C’est à l’aune de ce principe que se discute alors la question de leur fonctionnement et plus particulièrement de leur financement car si une association peut fonctionner par la cotisation des membres qui la composent, elle peut aussi bénéficier d’apport financier au regard de ce qu’elle peut apporter sur une population donnée ou plus globalement sur une mission d’intérêt général. Il est alors question d’une redistribution de l’impôt du contribuable par le biais des organes étatiques, des collectivités locales ou de diverses institutions en lien avec l’objet de l’association et ses bienfaits pour l’intérêt général. Remettre en cause ce financement revient alors à déconsidérer ses actions et pour ne prendre qu’un exemple des plus parlants, que penser de la baisse de 90% de la subvention de l’Etat au titre de l’aide humanitaire de l’association caritative qu’est le Secours populaire de la Creuse ?

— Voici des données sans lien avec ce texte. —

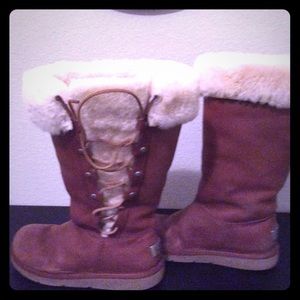Uggs leather boots size 8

La Creuse est un des départements où il existe le plus d’associations par nombre d’habitant-es en corrélation souvent avec la disparition des services publics, une misère sociale grandissante et un isolement des populations sur le territoire. Les associations jouent alors un rôle essentiel de cohésion sociale, de solidarité et de vitalité. Que ce soit l’association sportive et ses bénévoles qui se relaient pour accompagner les enfants lors de matchs le week-end, les événements du comité des fêtes qui animent la vie de sa localité ou plus dernièrement la présence de tiers-lieux, permettant aux personnes de se retrouver, d’échanger et parfois même de travailler tout en bénéficiant des avantages technologiques et de l’accès à la culture. Sans compter les nombreuses associations d’intérêt général ayant directement des missions de service public comme l’APAJH, les chantiers d’insertion ou la Mission locale. Des structures associatives bien loin de celle de l’amicale de quartier ou du club de pétanque, mais qui démontrent à quel point le monde associatif est hétérogène structurellement mais finalement si homogène au niveau des valeurs communes. La première de celles-ci tient dans sa définition même en tant que droit constitutionnel et principe fondamental reconnu par les lois de la République. Vous imaginez bien que ce n’est pas la simple addition de personnes partageant un objectif commun qui justifie d’en faire un droit si inaliénable ! C’est donc autre chose qui définit cette fonction. Certains diront l’intérêt général, d’autres des intérêts particuliers, ou bien la volonté de faire du commun ou tout simplement l’expression d’une forme de citoyenneté. Il n’empêche que cette liberté d’association repose surtout sur l’idée qu’ensemble, c’est toujours mieux, c’est-à-dire un vrai antidote à l’individualisme.

C’est à cet objectif que les personnes présentes ont décidé d’apporter un prolongement lors d’un prochain acte II de cette convergence qui permettra alors de faire entrer dans le débat public la nécessité de soutenir le monde associatif sur notre département et plus largement ailleurs. Il suffit d’imaginer à quel point notre quotidien serait impacté si les associations venaient à disparaître tant elles sont essentielles aujourd’hui à la cohésion sociale, la vitalité économique et un vivre ensemble si malmené depuis quelques temps. Bénévoles, adhérent-es, salarié-es, administrateurs-rices de structures, ou tout simplement bénéficiaires de leurs actions, refusons d’être les variables d’ajustement pour le bénéfice de quelques-un-es au détriment de tous les autres.

Christian Nguyen, administrateur de l’association Creuse Toujours et salarié de la Mission Locale, sollicité par Laure Masson, facilitatrice du réseau Aliso, pour écrire cet article.